> [DATA SHOWN]:
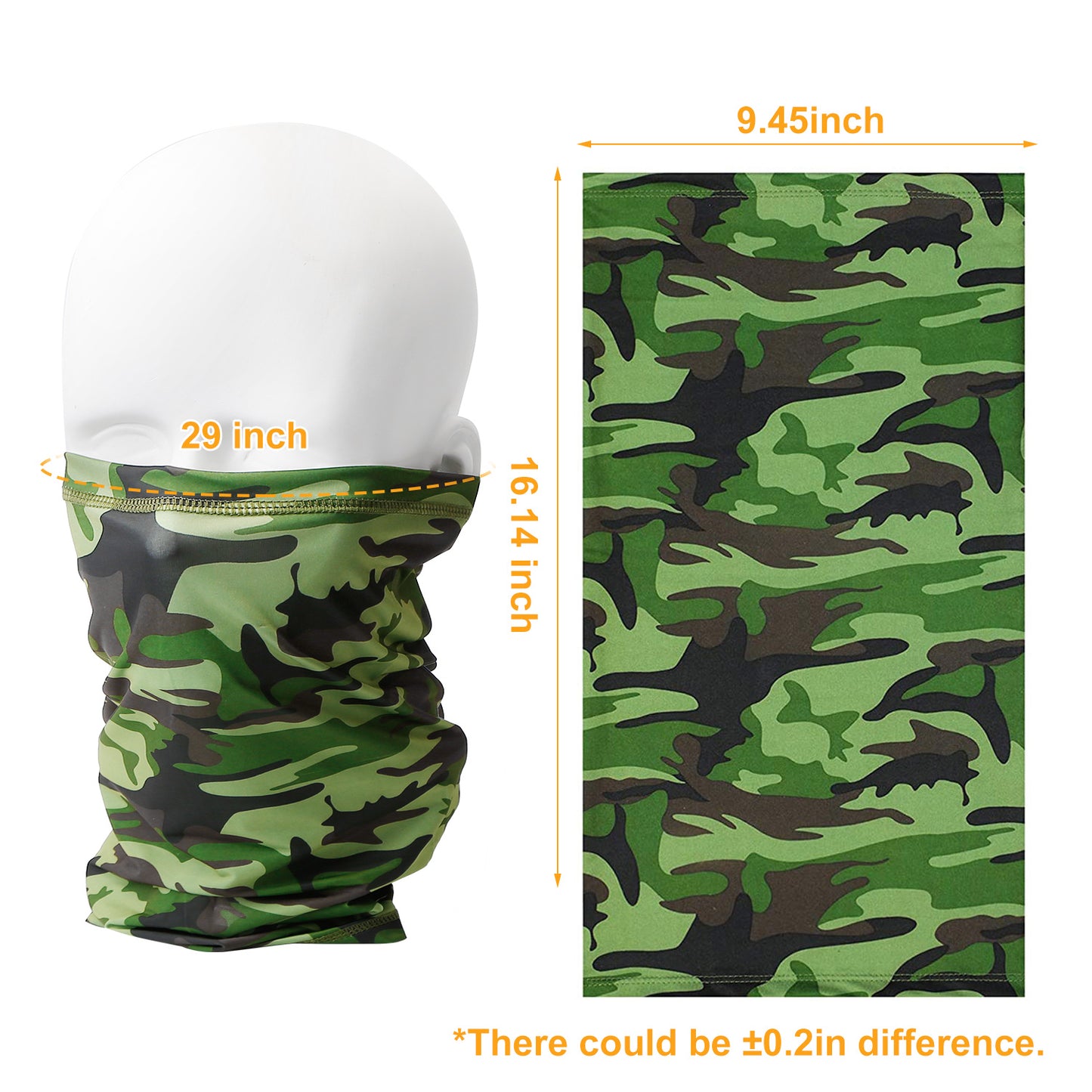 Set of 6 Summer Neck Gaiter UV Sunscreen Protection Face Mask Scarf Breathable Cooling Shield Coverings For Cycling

--

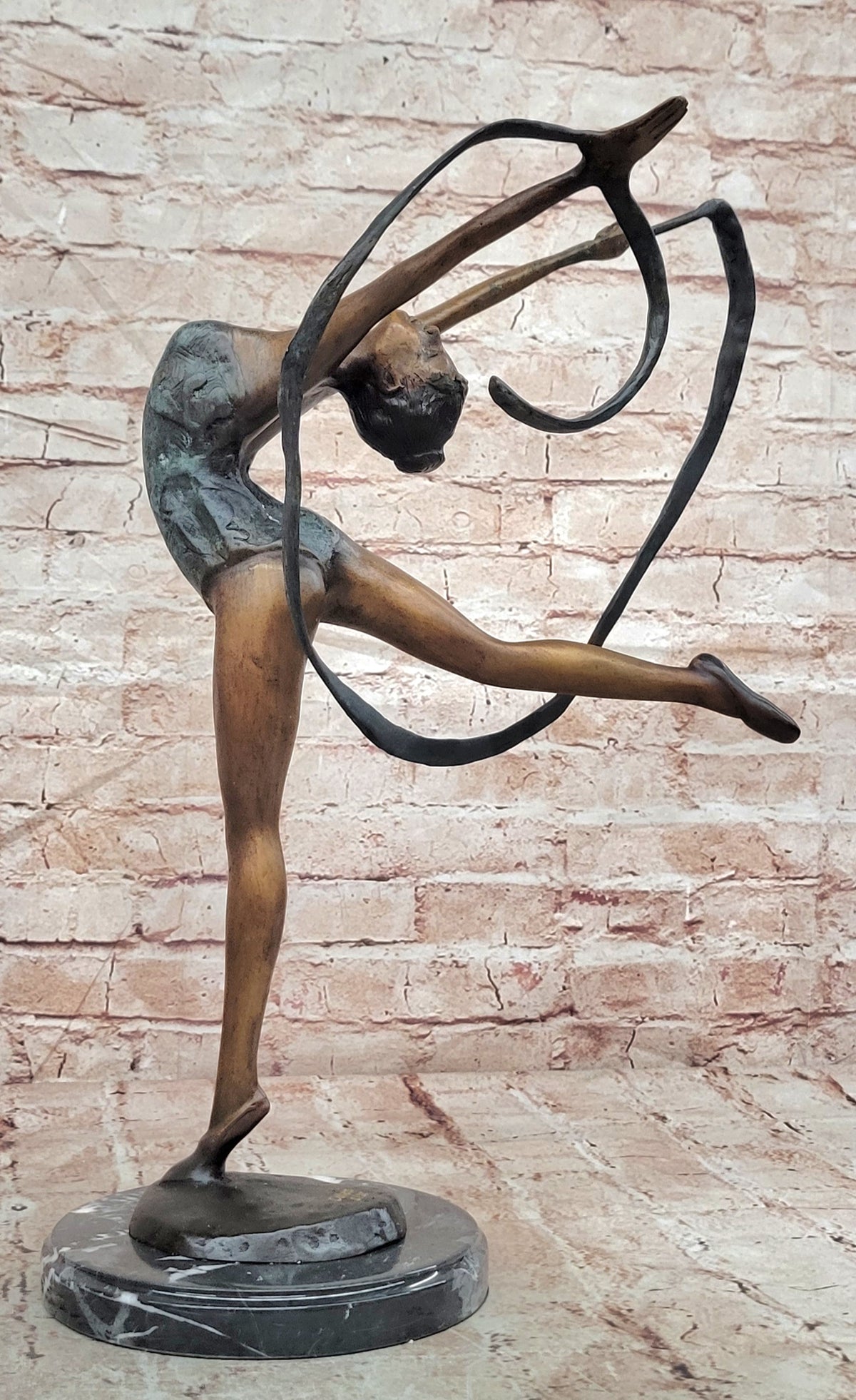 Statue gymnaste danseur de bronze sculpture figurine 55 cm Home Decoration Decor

* * *

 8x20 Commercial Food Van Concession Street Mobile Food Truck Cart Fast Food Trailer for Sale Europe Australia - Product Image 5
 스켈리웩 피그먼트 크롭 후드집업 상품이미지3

> [YOUR TASK]: Print exactly the lines above, between the one holding "8x20 Commercial Food" and the one holding "스켈리웩 피그먼트 크롭 후드집업 상품이미지3", inclusive, and nothing besides.

> [RESULT OF THE EXERCISE]:
 8x20 Commercial Food Van Concession Street Mobile Food Truck Cart Fast Food Trailer for Sale Europe Australia - Product Image 5
 스켈리웩 피그먼트 크롭 후드집업 상품이미지3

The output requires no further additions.